◆ **EXERCISE**
From the entries that follow, reproduce exactly and only the lines from the line with "Il sito Web" to the line with "BMW X3 3.0si - 16", endpoints included.

◆ **THE RECORDS**
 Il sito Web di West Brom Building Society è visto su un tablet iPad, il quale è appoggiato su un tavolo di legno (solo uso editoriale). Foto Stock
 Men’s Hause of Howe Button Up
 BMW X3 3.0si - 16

...

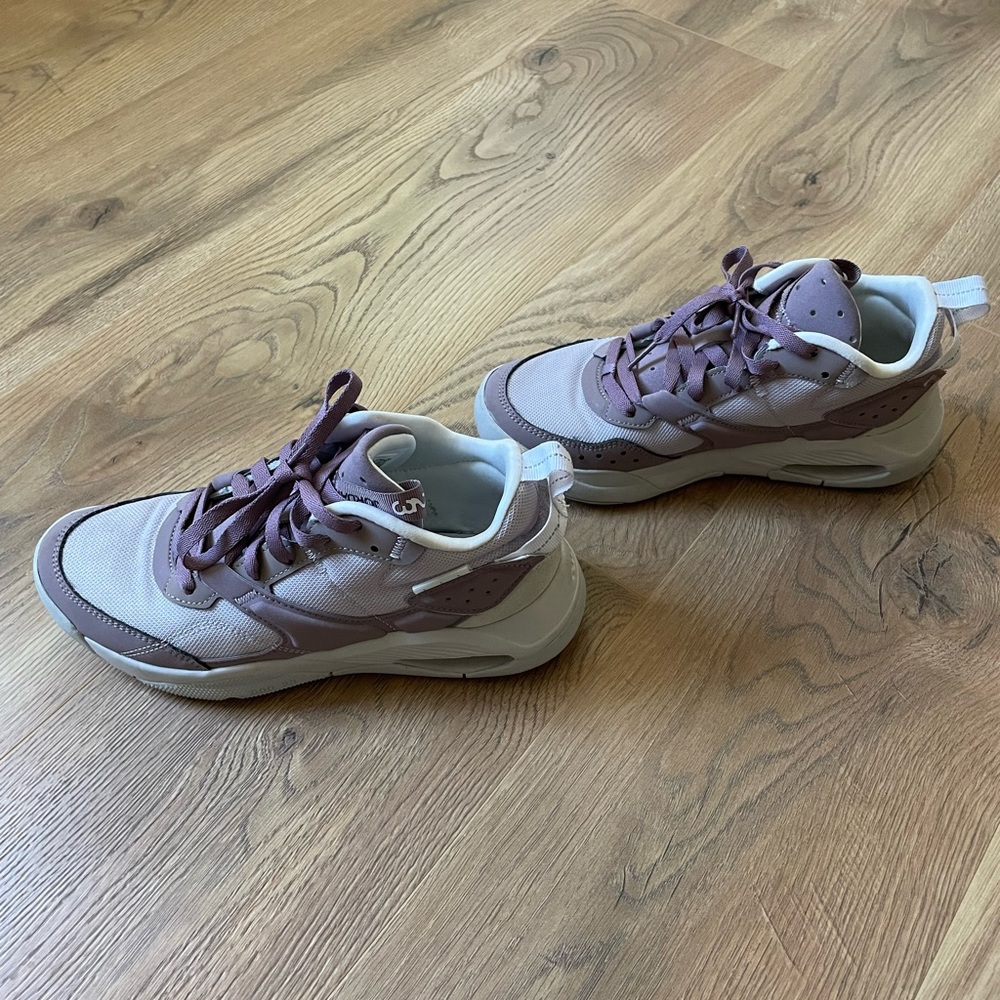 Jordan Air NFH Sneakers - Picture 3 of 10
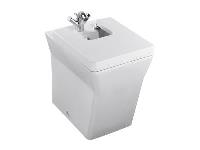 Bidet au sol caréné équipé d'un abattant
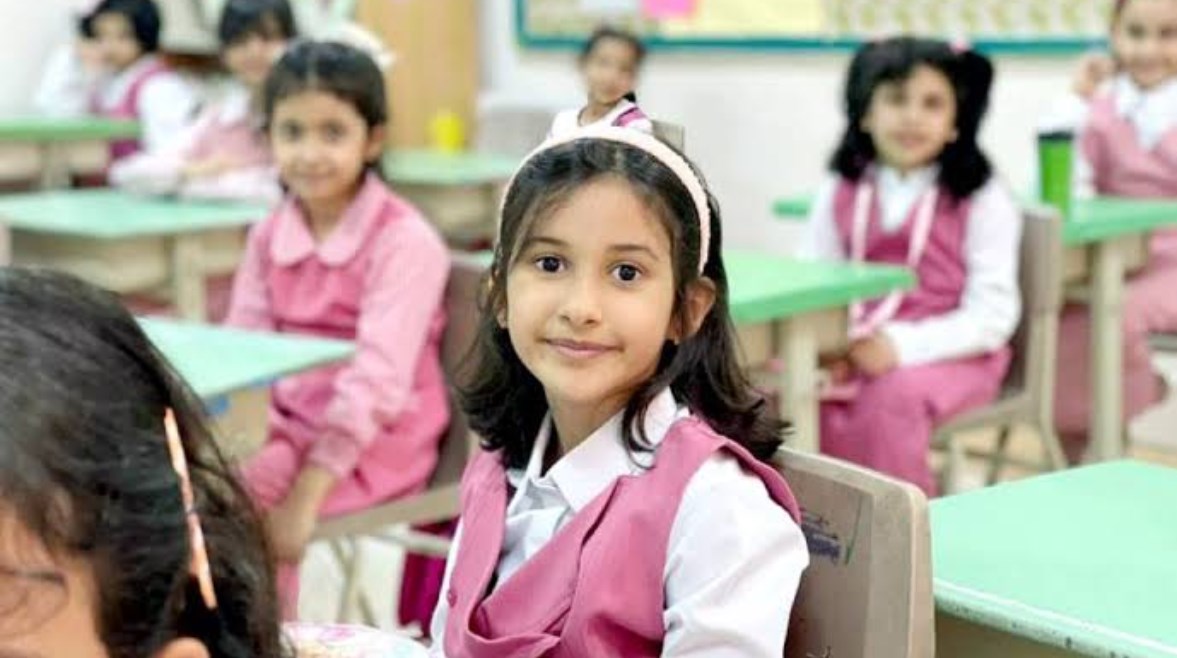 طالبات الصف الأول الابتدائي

◆ **RESULT OF THE EXERCISE**
 Il sito Web di West Brom Building Society è visto su un tablet iPad, il quale è appoggiato su un tavolo di legno (solo uso editoriale). Foto Stock
 Men’s Hause of Howe Button Up
 BMW X3 3.0si - 16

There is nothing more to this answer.